When 727,000 people tuned in to watch the grand final between G2 Esports and ENCE at IEM Cologne, the event became the most-watched non-Major tournament in the history of Counter-Strike: Global Offensive (CS:GO). This latest record marked a fitting finale for the last gig in the game’s competitive history before its pro players and playerbase move over to its upcoming successor, CS2. In celebration of CS:GO’s final act on the stage, let’s take a look at the reasons why CS:GO has established itself as the world’s greatest Esport.
Whenever you’re trying to make something appealing to a mass-market of consumers, it’s vital that your product doesn’t scare off any newcomers. Games like League of Legends or Dota 2 are stalwarts in the Esports space, but it’s safe to say these Massive Online Battle Arena (MOBA) games aren’t nearly as accessible to those who haven’t played them before as CS:GO is. Thanks to the longstanding popularity of games like Call of Duty or Fortnite, almost every gamer has an understanding of what a first-person shooter (FPS) looks and plays like, with most casuals being able to call upon real-world experience in games like paintballing to work out how their game modes work.
The same is the case for CS:GO. Two teams of five, one acting as the offensive the other as defence, attempting to kill eachother or successfully detonate/defuse a bomb from one of two bombsites on a map. Even if you have never seen a CS:GO match before, it doesn’t take more than a handful of rounds to be able to dive in and understand what’s going on.
The perfect Esport is the one that can appeal to a large playerbase with an easy entry level, but hold them for hundreds of hours with a stacked skill ceiling. The best Esports games have been dominating the industry for over a decade now, showcasing their impressive range of strategies and competitive metas that never allow even pro players to feel like they have ever ‘cracked’ the game.
And whilst CS:GO might be an easy game to grasp, it is incredibly difficult to ever claim that it has been conquered. Everything from a shifting map pool, the volatility of the economy system that can swing with every kill to the natural chaos that can arise from the quality of communication in the server, CS:GO is a game that always manages to throw something new in with every event.
It’s safe to say that whilst Esports is a giant industry, most of its leading titles are very concentrated in certain countries or regions. The majority of Overwatch professional players are Korean, LCK and LPL teams have won 10 League of Legends World Championships, whilst France still dominate the top tier of competitive Rocket League.

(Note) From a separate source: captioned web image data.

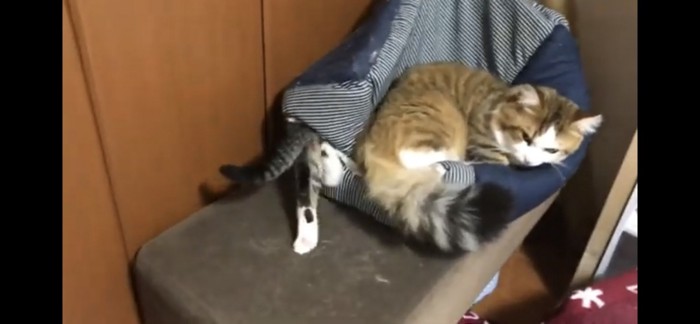 猫ベッドに移動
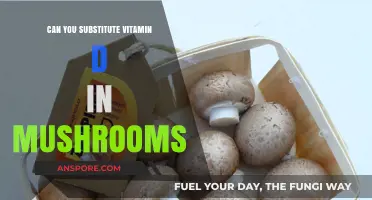 Mushrooms as a Vitamin D Substitute: Benefits, Sources, and Effectiveness
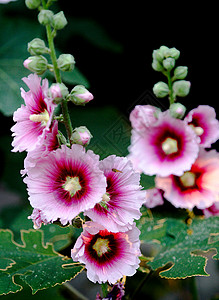 植物 鲜花斗篷花花朵绿叶红色绿色棋盘红花草本植物龙花图片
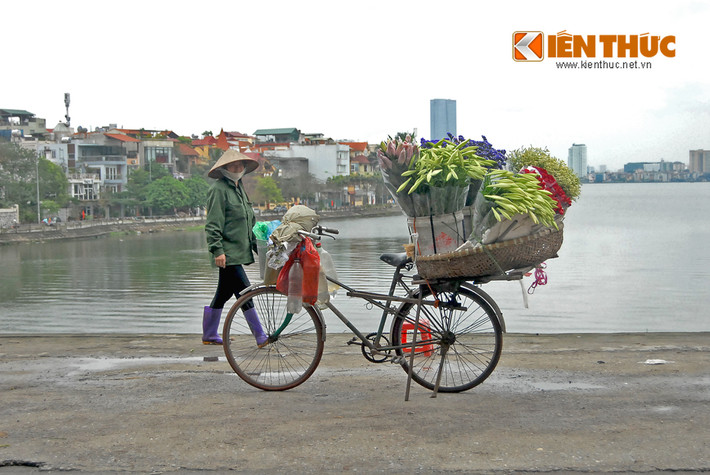 Hình ảnh gánh hàng hoa quen thuộc, bình dị trên nhiều tuyến phố Hà Nội.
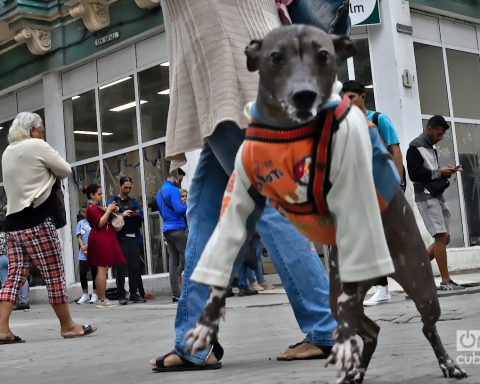 Record!: temperatures drop to zero degrees in Cuba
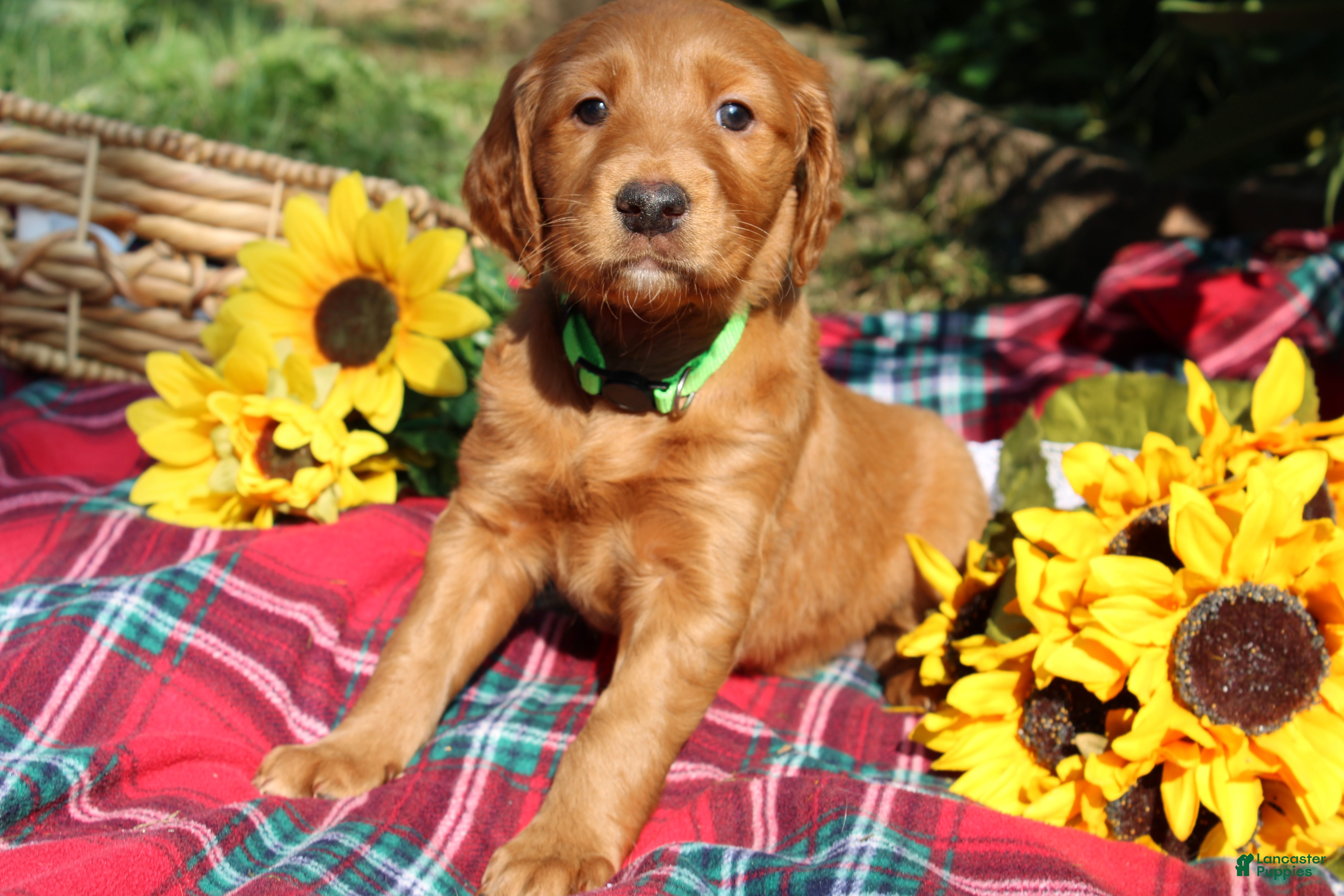 Mixed Breed dogs Lily - Irish Goldendoodle - Ad 1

CS:GO, on the other hand, is perhaps the most global Esport on the market. Teams from Europe, North America and South America have all won Majors in the past, and international lineups have become the norm for most orgs. One look at the Esports markets at Unikrn.com will showcase the vibrancy in countries and nationalities competing at CS:GO events. This diversity not only makes for a more interesting competitive scene, but also allows the game to be marketed to hundreds of thousands more fans around the globe.
We touched on it earlier, but the real hero of CS:GO’s success is its gameplay formula. MOBA titles are the masters of strategy, communication and long-term planning, whilst side-scrolling fighter games have that fast-paced adrenaline-pumping experience, but no title is able to blend all of these facets together quite like Valve’s FPS. Winning a game of CS:GO requires patience, resilience, strategy, concentration, focus and the ability to think five or six rounds in advance. However, it also allows for instantaneous, split-second moves that demonstrate an otherworldly reaction times to get a crowd’s pulses racing. It is this winning formula that has made the game such an enduring part of the industry, one that millions of people always make time to tune in to.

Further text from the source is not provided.